I chose four corners of a rectangular face of an object in the image that I wanted to "rectify", meaning to
force its sides to be parallel. I saved this list to a .json
file so that I did not have to re-configure every time I ran my code.
Next, I defined the corners of the "destination" rectangle. (I edited the .json file directly so that the coordinates actually formed a perfect rectangle, i.e. the x- and y- coordinates matched up).
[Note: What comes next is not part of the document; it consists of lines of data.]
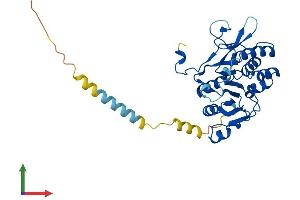 AlphaFold protein structure predicition of Mouse Recombinant Extl2 Protein, UniprotID Q9ES89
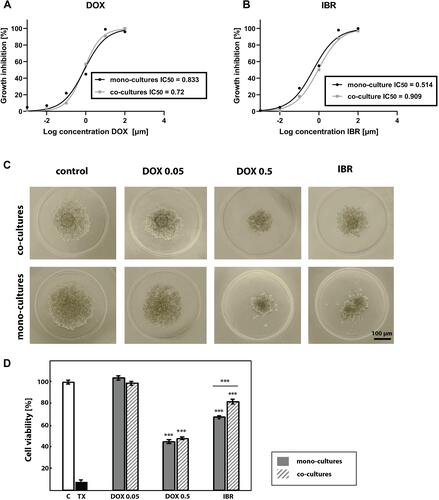 Figure 4 Anti-cancer drug treatment of B-NHL hybrid spheroids. Growth inhibition and corresponding IC50 values of DOX (A) and IBR (B) in mono-cultured and co-cultured Ri-1 spheroids as determinated by alamarBlue assay. Mono-cultured and co-cultured spheroids were treated with the range of drug concentrations. Data points represent average of n=3 experiments with eight technical replicates per DOX and IBR concentrations. (C) Light microscope images of Ri-1 cell line untreated and treated with DOX and IBR at day 3 after treatment. (D) Cell viability of mono-cultured and co-cultured Ri-1 spheroids under the anti-cancer treatment assessed by the use of the alamarBlue assay. Data were reported as the percentage of cell viability normalized to untreated control spheroids. Spheroids of the positive control for cytotoxicity were treated with 0.1% Triton-x-100 (TX). ***P<0.001; compared to control. ***P<0.001 underline; mono-culture versus co-culture.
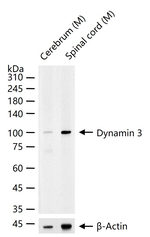 Dynamin 3 Recombinant Rabbit Monoclonal Antibody (12C1)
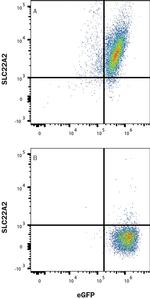 SLC22A2 Antibody in Flow Cytometry (Flow)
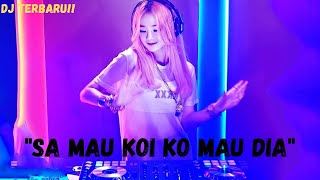 Dj Viral Sa Mau Koi Ko Mau Dia Tojana Rizal Ali Remix 2020 [upl. by Anjali]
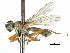  ( - CCDB-31128-G10)  @11 [ ] CreativeCommons - Attribution (2017) CBG Photography Group Centre for Biodiversity Genomics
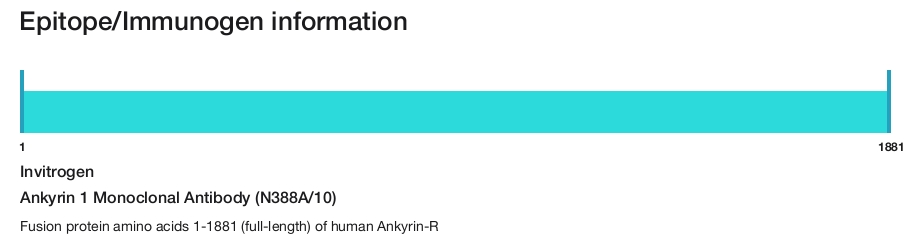 Ankyrin 1 Monoclonal Antibody (N388A/10)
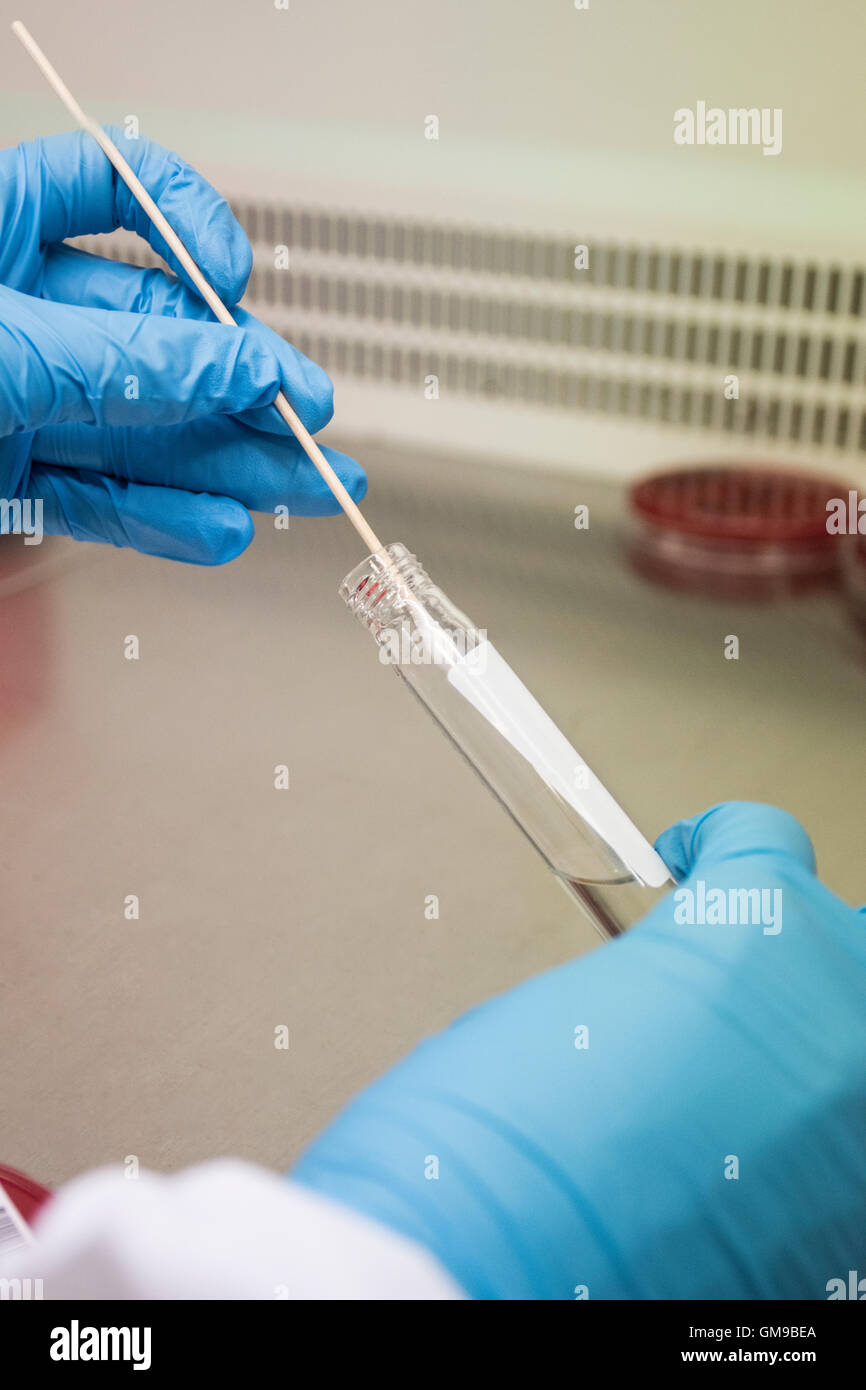 Laboratory technician in analytical laboratory culturing cells in petri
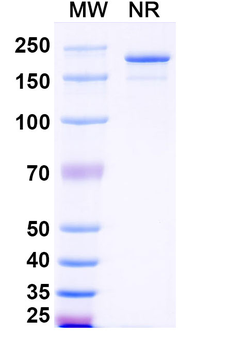 Human IgG3 Isotype Control Recombinant Antibody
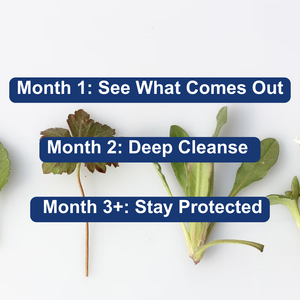 The Viral Gut Cleanse - v3.2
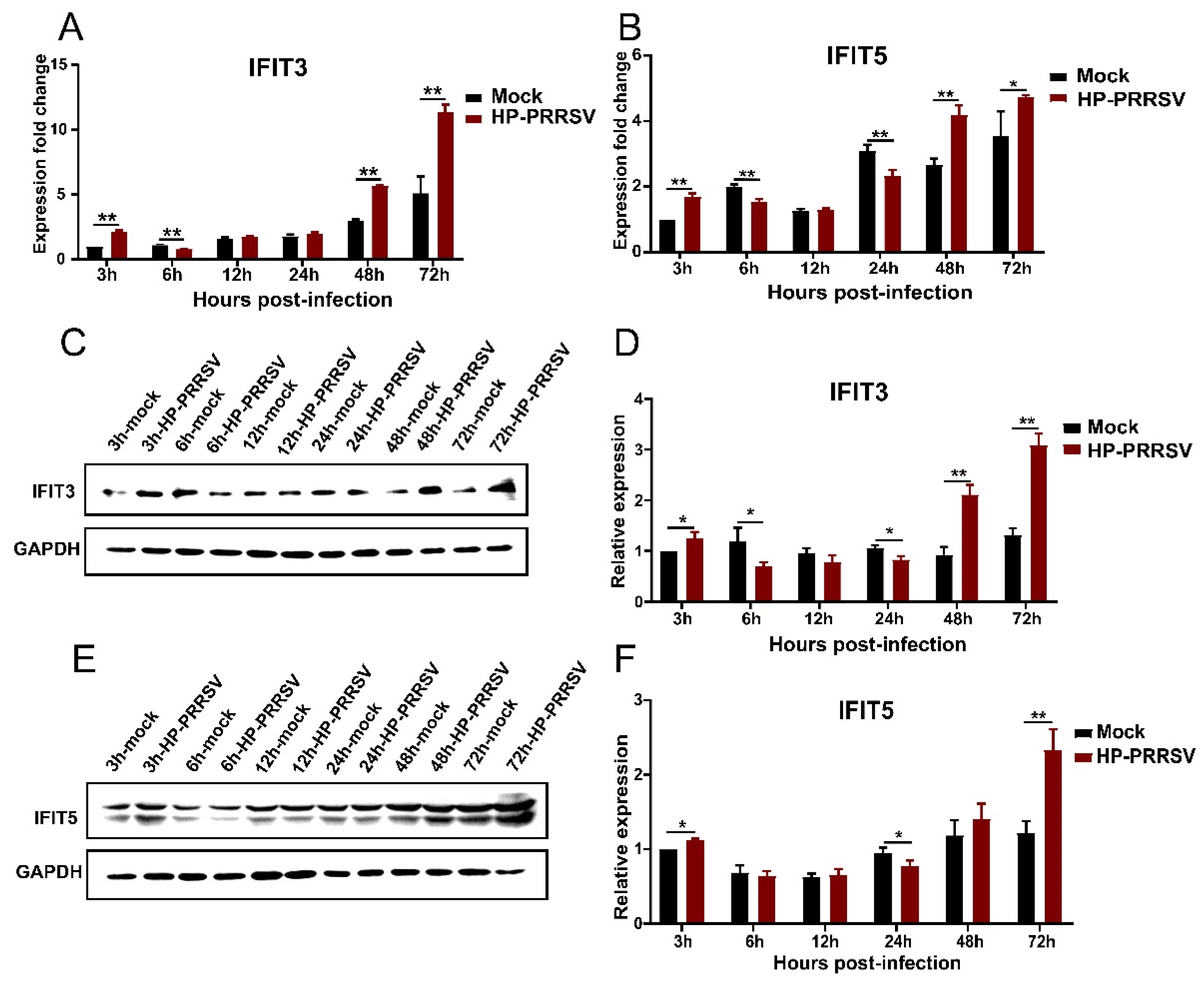 Viruses 14 01919 g005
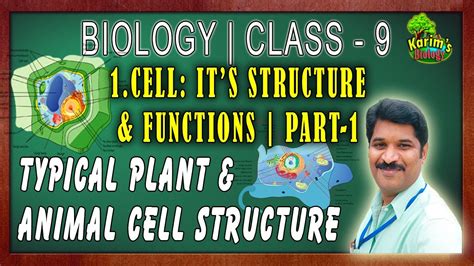 Animal cells do not have a cell wall, but they do have a plasma membrane. Typical Plant and Animal Cells || Class - 9 || AP, TS ...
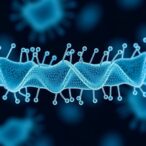 how-bacteria-recognize-structure-in-tat-transport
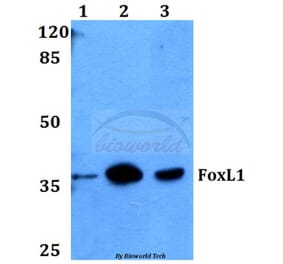 Anti-FoxL1 (G150) Antibody from Bioworld Technology (BS2301) - Antibodies.com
With these two sets, I could calculate the homography or transformation between the two sets of coordinates.
The homography was a (3 x 3) matrix that could transform any coordinate (x, y, 1)
to the
corresponding
point (wx, wy, w)
. I found the inverse warp from the destination to the source, then
multiplied the
homography with every pixel coordinate (y, x)
in a blank image that I instantiated with np.zeros(img_size)
.
Finally, I could use the transformed coordinate (wy/w, wx/w)
to sample a color in the source
image and set that color at (y, x)
.
Orange dots represent the plane "base" that the left/right photos were warped to.
Using the provided get_harris_corners
I was able to plot these points. I noticed that they settled
where there's a high frequency pattern.
As expected the dots are not clumped together as much using Adaptive Non-Maximal Suppression. These are the top 500 points. Reducing the number of points removed any data from the low-frequency areas in the bottom corner.